J’aime beaucoup beaucoup aussi Hiding, plus inhabituelle pour Florence + The Machine, car plus pop-rock. Mais c’est le rythme et sa voix qui donne toute sa personnalité au titre. Elle adopte une voix plus aigüe qu’on ne lui entend pas souvent, et c’est à la fois surprenant et sympa.

Ship To Wreck est aussi très agréable à l’écoute, plus calme et plus simple que ce qu’elle peut faire d’habitude, et cela ne fait pas de mal !

Third Eye est particulèrement réussie, avec une Florence qui scande les paroles au début, donnant une intentionnalité particulièrement forte au titre, avant que cela ne devienne plus mélodieux.

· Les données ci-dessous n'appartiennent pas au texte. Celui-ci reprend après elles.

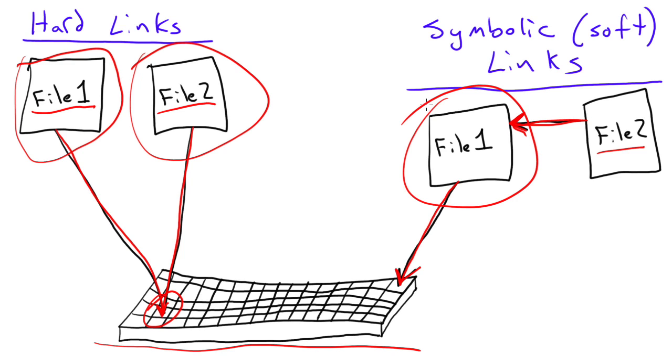However, it means if you delete file 1, file 2 will be completely useless, because it's going to be pointing at something that doesn't exist.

Le titre reste tout de même assez puissant, et se démarque vraiment des autres de l’album !

Autre coup de coeur pour St Jude, très très belle chanson. Cette fois-ci elle est vraiment très calme. Les quelques sonorités présentes jouées au synthé rappellent là encore celles de Ceremonials, mais elles se font très peu entendre, laissant toute la place à la belle voix de Florence.

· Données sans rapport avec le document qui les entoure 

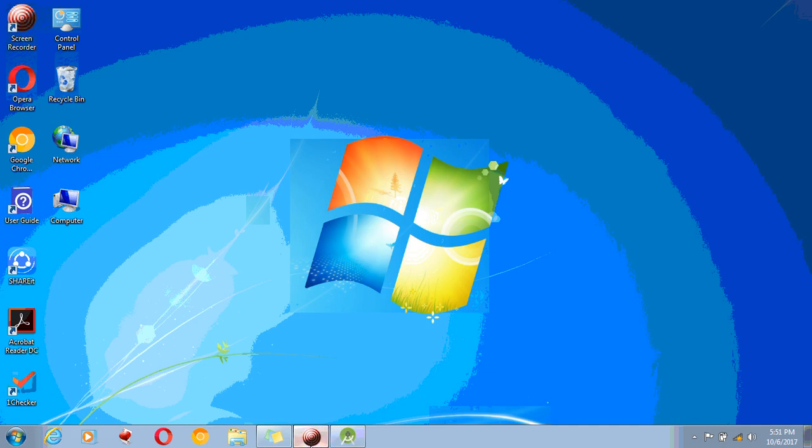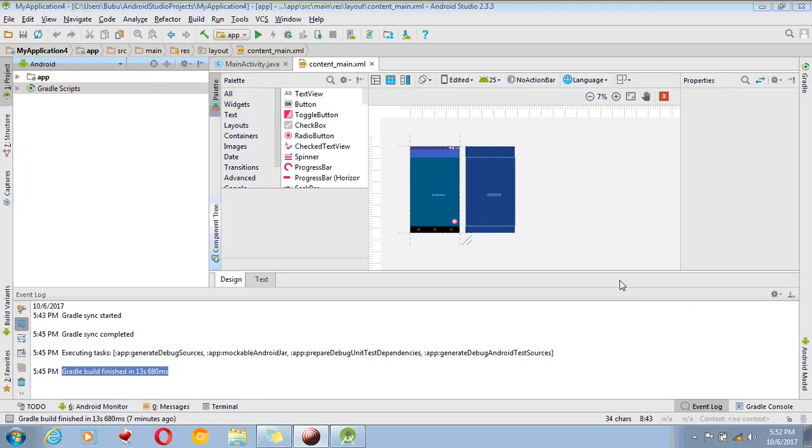Depending upon the configuration of the computer, the loading time will vary. Now the Android Studio loads completely.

Enfin, encore une chanson calme mais superbe, c’est Various Storms and Saints, où on profite de quelques accords de guitare mêlés à la voix si belle de Florence. Au bout de la moitié du titre, elle est accompagnée par des choeurs très légers, mais qui donnent une très belle profondeur à la chanteur.

 

  • Les chansons sympas 

La chanson titre de l’album HBHBHB (ouais, c’est long à taper), est un titre très sympa, avec des refrains marqués par l’usage léger de cuivres, tandis que quelques cordes font leur apparition dans la suite du titre. Cependant, on les entend assez peu, ils sont un peu mis de côté à cause d’un rythme assez présent mais pas forcément très bon, dommage car sinon la chanson est top !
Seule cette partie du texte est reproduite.